Angela Mason: 'A new school south of the Euston Road is something that we have pressed for over a number of years'
Published: 5 July, 2012
by RICHARD OSLEY
MICHAEL Gove is edging closer to approving plans for a brand new secondary school in the south of Camden, the New Journal has learned.
The Education Secretary is due to announce a new wave of his much-trumpeted “Free Schools” within the next fortnight and sources keeping checks on the discussions have suggested his office is looking seriously at answering the decades-old call for a school south of Euston Road.
Several sites have been discussed during more than 30 years of campaigning by parents and councillors but a surprise new potential location has emerged in Bidborough House, the council offices in King’s Cross.
Although recently refurbished, Camden Council is abandoning the building as part of its move to new offices on the Railway Lands site close to St Pancras International station.
And though the government or an independent sponsor would have to pay the Town Hall to secure the land, it has been talked about as being big enough for a new school
The council said last night there had been no “detailed negotiations” over Bidborough House, but insiders have told the New Journal that the idea has at the very least been flagged up.
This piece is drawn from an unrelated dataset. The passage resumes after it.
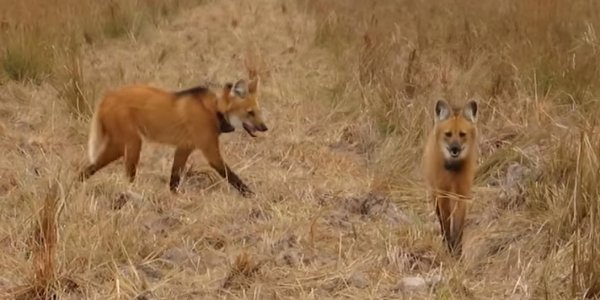 Monitorean al aguará guazú con collar GPS por primera vez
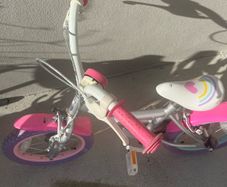 Apollo 14inch unicorn bike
The site is just a few steps south of Euston Road, and technically meets the criteria of a banner campaign for new school provision on that side of the road.
Sceptics are already warning that a school there – jokingly referred to this week as “Bidborough House High” – would be close to Regent High School, the rebranded and expanded South Camden School, and also Maria Fidelis School.
Rather than easing a shortage of classroom places problem, there were warnings it could lead to a “surplus” of places and empty desks in lessons.
Other sites in the “South of the Euston Road” zone discussed over recent years have included land in Wren Street currently occupied by council-owned lock-ups.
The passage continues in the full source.